4. Have extra copies of your resume.
This is a simple one. They ask you to bring a copy of your resume, bring two. They ask you to bring two copies, bring three. You never know when you may need it.
5. Give them your business card.
Simply, it looks good to have a business card, even if it’s one that you made yourself on your printer at home with business card stock. You don’t have to be some crazy awesome graphic designer to make a professional looking business card.
Personally, my business card, resume, and website all use the same fonts, colors, and contact information. It matches, goes together, and makes me just a little more memorable than other candidates. This is how I represent myself and my brand.
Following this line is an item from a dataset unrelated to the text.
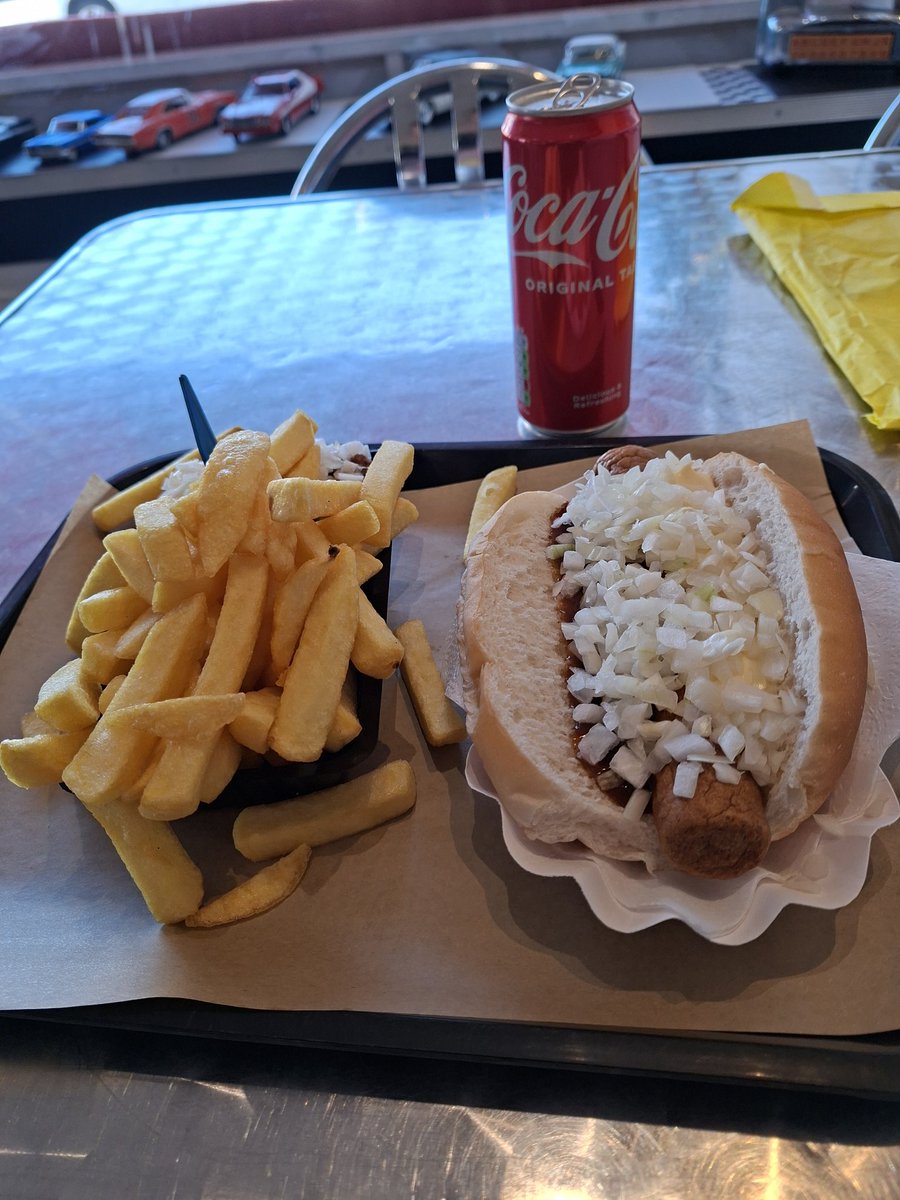 A safe distance from genius tweet media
Give it to them on your way out, when you’re shaking their hand good-bye and you’re thanking them for calling you into the interview. It’s a nice gesture and it leaves them with a memento from you.
6. Smile and have good eye contact.
Don’t be a creeper, but be sociable. The companies I was interviewing with are both extremely passionate about relationship-based marketing. So I knew that wanted to see someone who is or potentially could be great at quickly building a relationship with another person.
As Tyra Banks likes to say, SMIZE. It’s really easy actually, if you can wiggle your ears, you can definitely smize. It makes you look interested and happy to be there without creeping out the interviewer.
7. Give a firm handshake.
Research shows that a firm handshake is the KEY to interview success.
"…we found that the first impression begins with a handshake that sets the tone for the rest of the interview."
"Students with ‘wimpy’ shakes were judged to be more timid and less impressive."
"…students who scored high with handshake raters were also considered to be the most hirable by the interviewers."
Source: DailyMail News
8. Don’t be afraid to laugh.
Again, don’t be creepy about it. A giggle here and there (when appropriate) makes you seem personable. Don’t fake it either. If they try to make a joke, and you don’t think it’s really that funny, just smile. It’s much easier to fake a smile than fake a laugh.
9. Send a thank you note or email.
This is something that has been lost on our generation. It’s polite, and it puts you back in their minds after the interview. Here’s a great example of a thank-you note, and trust me, if you’re not writing one, you can bet someone else who interviewed for the same position sure as hell did.
10. Connect on LinkedIn.
This is a tricky one. You can do a few different things here. You should always follow the company on LinkedIn, but you could also send an connection invitation to the interviewer as well. I would wait a few days before the invitation is sent, but you should follow the business itself on LinkedIn before your interview as part of your pre-interview research.
11. Do pre-interview research on the company.
The least you can do is look at their website, but like I said before, you can follow the company on LinkedIn, as well as Facebook and Twitter too. For me, being a social media marketer, I want to know how many followers they have and what kind of content do they post. All of this research is extremely valuable to your interview. Both of my interviewers for my 2 interviews yesterday asked me if I looked at their website. I told them yes, and was able to quote some of the eye-catching information I read. This just shows that you come prepared and are enthusiastic about that company.
Okay lovely people, I hope this helps. I’ve had pretty good success with interviewing in the past. Both companies asked me back for a second-round of interviews, knowing that I’m not looking for full-time employment until next year.